# GM/Ford buying out retiree pensions



## sags (May 15, 2010)

GM received US government approval and will be buying out retiree pensions, or converting some of them to annuities from Prudential Life.

It is ground breaking and other companies will be watching closely, as they consider outsourcing their pension commitments.

It will be a costly exercise though.

One example I read about is a 70 year old collecting 2800 per month pension. He will receive 390.000 based on 11.5 more years of life expectancy.

http://www.forbes.com/sites/joannmu...-collar-pensions-could-union-workers-be-next/

Just out of curiosity, in Canada if a person took the money and put it in a low interest bank account...............would they qualify for GIS benefits?


----------



## Daniel A. (Mar 20, 2011)

I had read the story a week or so ago, you have me a bit confused with the 70 year old. The pensioners income won't change as a result of this move from what I understand.
In the USA there are many differences in pension regulation from Canada companies in the USA can use many tax strategies that are not available in Canada.

I can understand GM/ Ford wanting to off load the liability and it can be done in the USA. In Canada once a person hits 55 in a DB pension and has ten years in such changes can't be made.


----------



## OhGreatGuru (May 24, 2009)

sags said:


> ...
> 
> Just out of curiosity, in Canada if a person took the money and put it in a low interest bank account...............would they qualify for GIS benefits?


GIS eligibility is based on annual income, not assets. If the retiree is collecting CPP, OAS, and say 4% interest on $390,000 they probably would not qualify for GIS.


----------



## sags (May 15, 2010)

This is a link to the article with the 70 year old in it.

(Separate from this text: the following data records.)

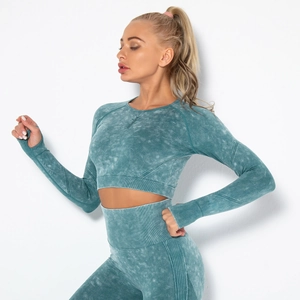 Detailed side view of seamless acid wash yoga set featuring long sleeve crop top and leggings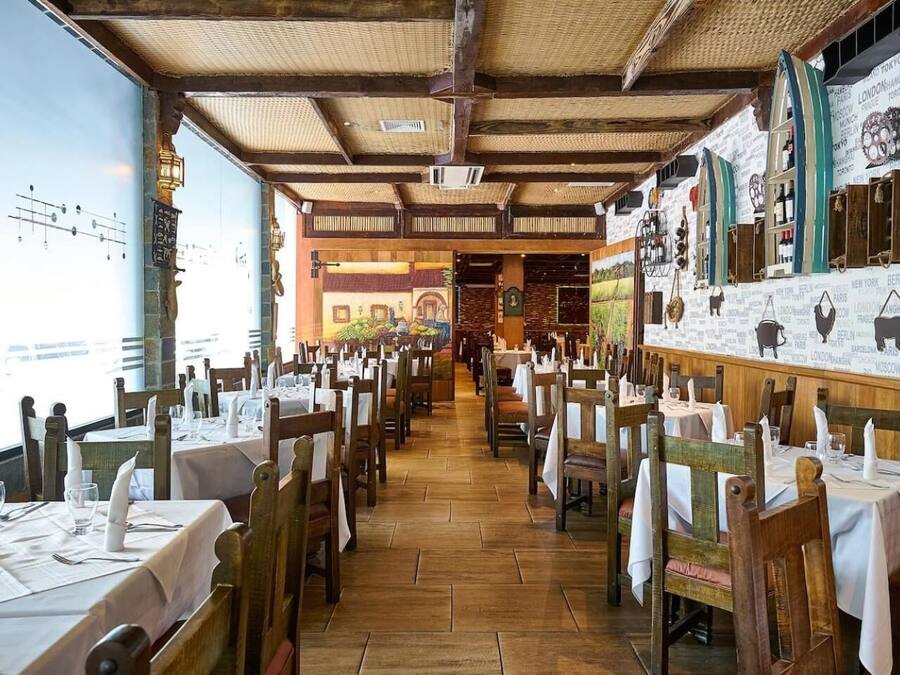 A restaurant with wooden tables and chairs, a tiled floor, and a high ceiling with exposed beams.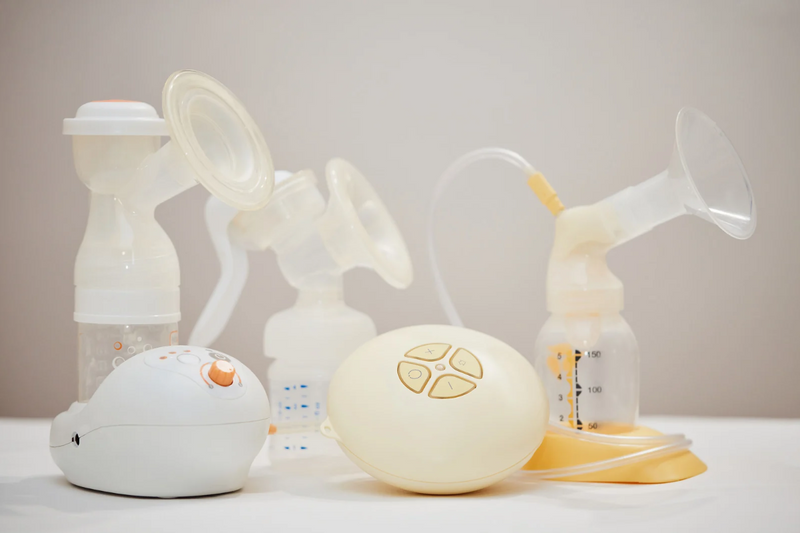 Various breast pumps displayed on a table.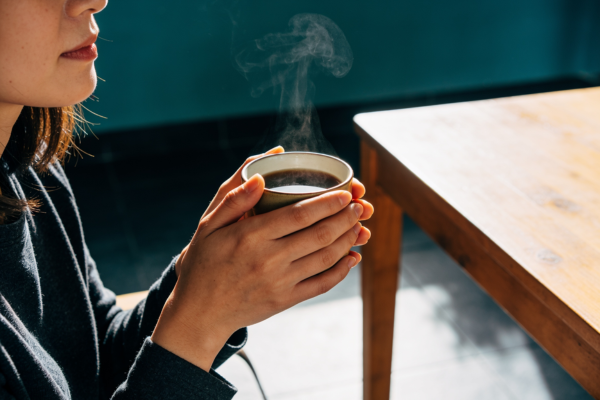 A woman cradling a warm, steaming cup in both hands while sitting by a wooden table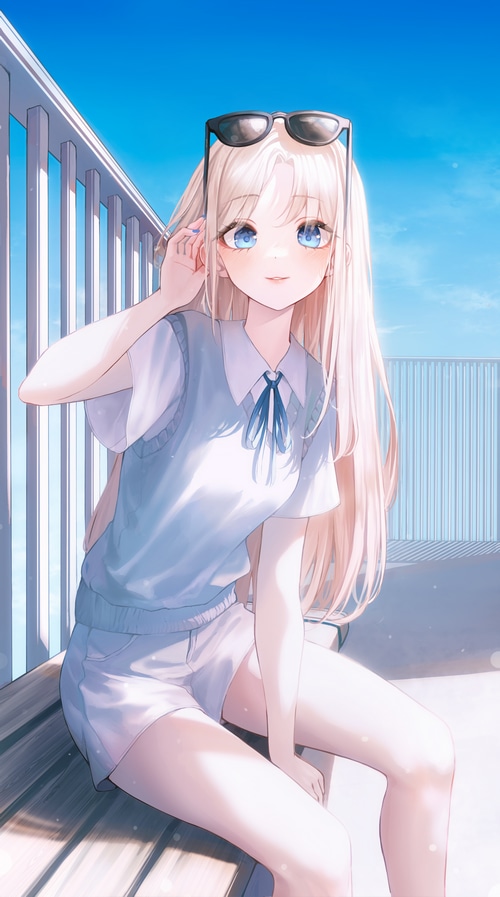 Girl with blonde hair and blue eyes wearing sunglasses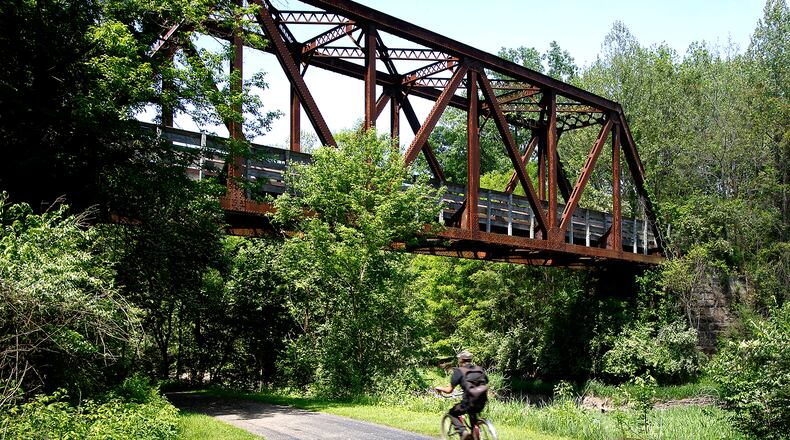 A man rides his bike under the Simon Kenton Trail bridge as he travels along the Buck Creek Trail Wednesday, May 8, 2024. The bridge was built in 1915. BILL LACKEY/STAFF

http://www.freep.com/article/201206...a-tough-call-for-General-Motors-Ford-retirees


----------



## Daniel A. (Mar 20, 2011)

OK well those kind of rules won't work in Canada, I may be wrong but read the book Pension Ponzi there it highlights many issues in the USA that companies can do.
It is sad that big companies are more than willing to try and take advantage of retiree's they hire pension fund companies to put these offers together.

The big three automotive do have many serious problems with the number of retired workers for every working person. Underfunding the pensions has lead to these kind of problems in both countries, if nothing more than confusion from someone 70 plus gets them to sign the company will be happy.


----------